Shows that happen in spaces many times smaller than an artist is capable of playing are not only a thrill for the lucky ticket-holders, they’re also good business, a time-honored strategy for building buzz. And it’s a particularly popular one in the Philadelphia area this week, with Madonna, usually an arena headliner, starting a four-show run at the Met on Saturday.

Brooks’ Burlington County gig was supposed to be one of two on Monday, but his plans to hop on a plane and do a second show in Foxboro, Mass., were nixed by nasty weather.

There’s no telling whether not having to run off and play another show 300 miles away — a rather insane plan even were the weather ideal — made Brooks’ set that much more relaxed. Brooks is such a pro that he probably would have been just as all-in on his performance if he had to play three times on Monday.

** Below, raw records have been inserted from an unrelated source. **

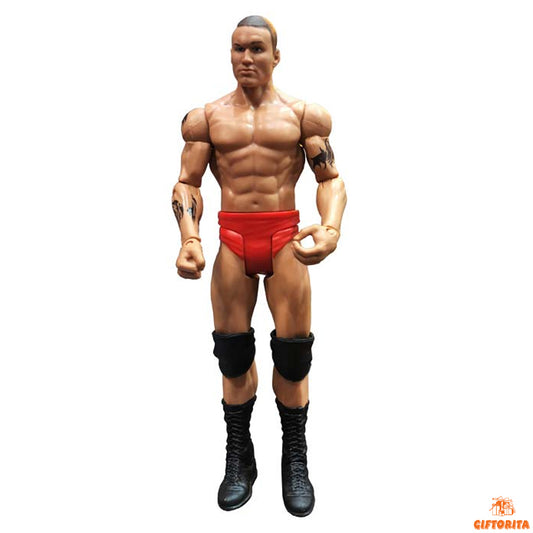 Action figure WWE – Randy Orton (P01275)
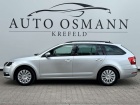 Škoda Octavia Combi 1.5 TSI Ambition  SmartLink   DAB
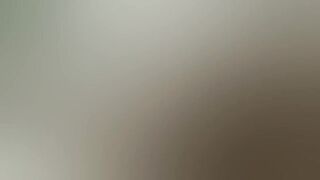 I screwed my spouse's stepbrother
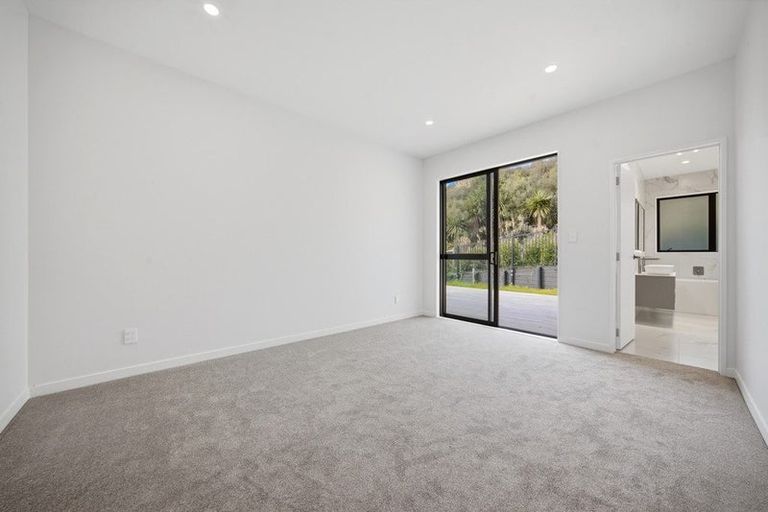 Photo of property in 18 Rongoa Maori Way, Pukekohe, 2120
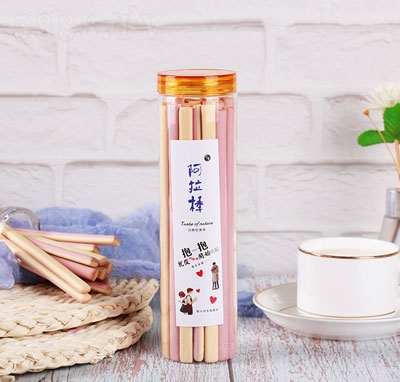 ��ָɴ��b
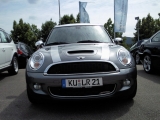 Jcw1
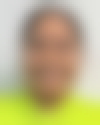 maid photo of Wyne Wyne Lae ( can speak simple Hokkien & Mandarin ), TM MAR 1423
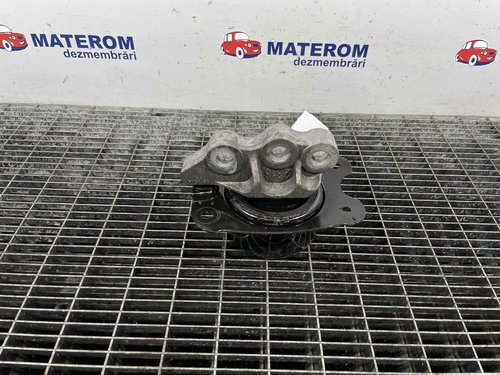 TAMPON CUTIE VITEZE OPEL ANTARA ANTARA A22DM - (2010 2015)
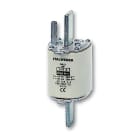 ITALWEBER - FUS NH3 AM/CP 500A 690V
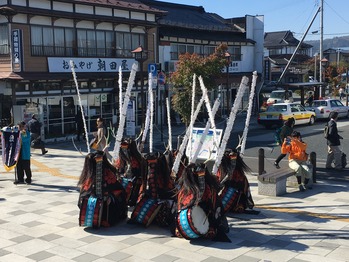 B775F062-C69D-4A54-8A9B-B071EE32298E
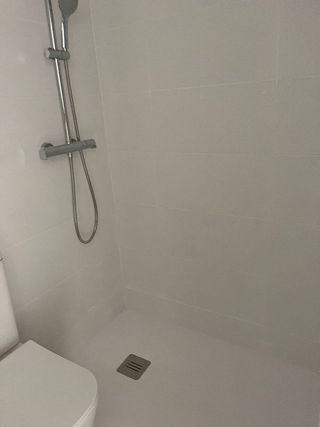 Piso en alquiler en Pont Nou - Corazón de Jesús en Elche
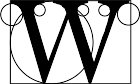3207WA.WMF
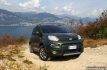 fiat-panda-4x4-11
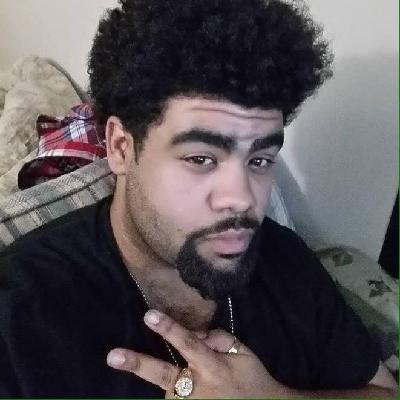 Jordan Wright death by force case profile photo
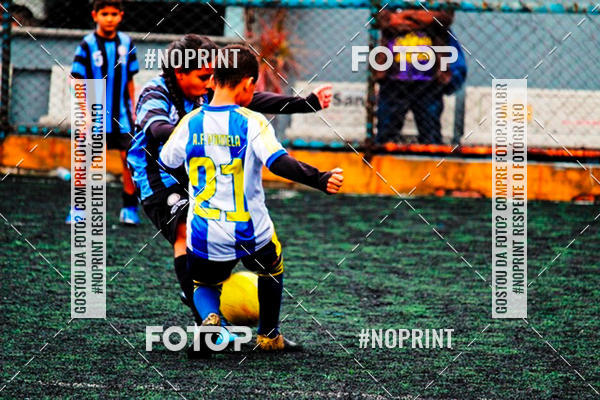Achetez vos photos de l'vnementPORTELA SPORTS - Triangular 2019 sur Fotop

But in any case, the energy throughout the 80-minute set was high. And aside from a few overwrought numbers like “That Summer” and “Standing Outside the Fire,” the show leaned in hard on the swinging honky tonk like “Two of a Kind (Workin’ on a Full House)” that’s a Brooks strong point, while not stinting on big hit ballads like the closing tearjerker, “The Dance.”

Jahna Michal (center), of Atlantic City, stands in line holding a Garth Brooks cutout head outside Prospectors Grille & Saloon in Mount Laurel.
JOSE F. MORENO / Staff Photographer
Jahna Michal (center), of Atlantic City, stands in line holding a Garth Brooks cutout head outside Prospectors Grille & Saloon in Mount Laurel.

Always an over-the-top showman, Brooks’ crowd-pleasing persona was in play without the need of stadium-size gestures. He gobbled up some M&Ms given to him by a fan (“I didn’t eat dinner before the show”), signed a man’s detachable prosthetic foot, and threw in a number of covers he used to play when he wasn’t doing dive bars by choice.

Those included the Nitty Gritty Dirt Band’s “Fishin’ in the Dark” and the show’s highlight, a take on George Strait’s “Amarillo by Morning” that paired him with fiddle player Jimmy Mattingly, who, like all the members of Brooks’ veteran band, received a warm and gracious introduction and ovation.

Remembering performing “Amarillo” back when he was an unknown enamored of Strait, Brooks said, “This all started in a place called Willie’s Saloon in Stillwater, Okla., just wanting to be someone else.”

Later, he thanked the crowd for sticking with him once he became Garth Brooks and “for remembering my music, and treating it with so much respect.”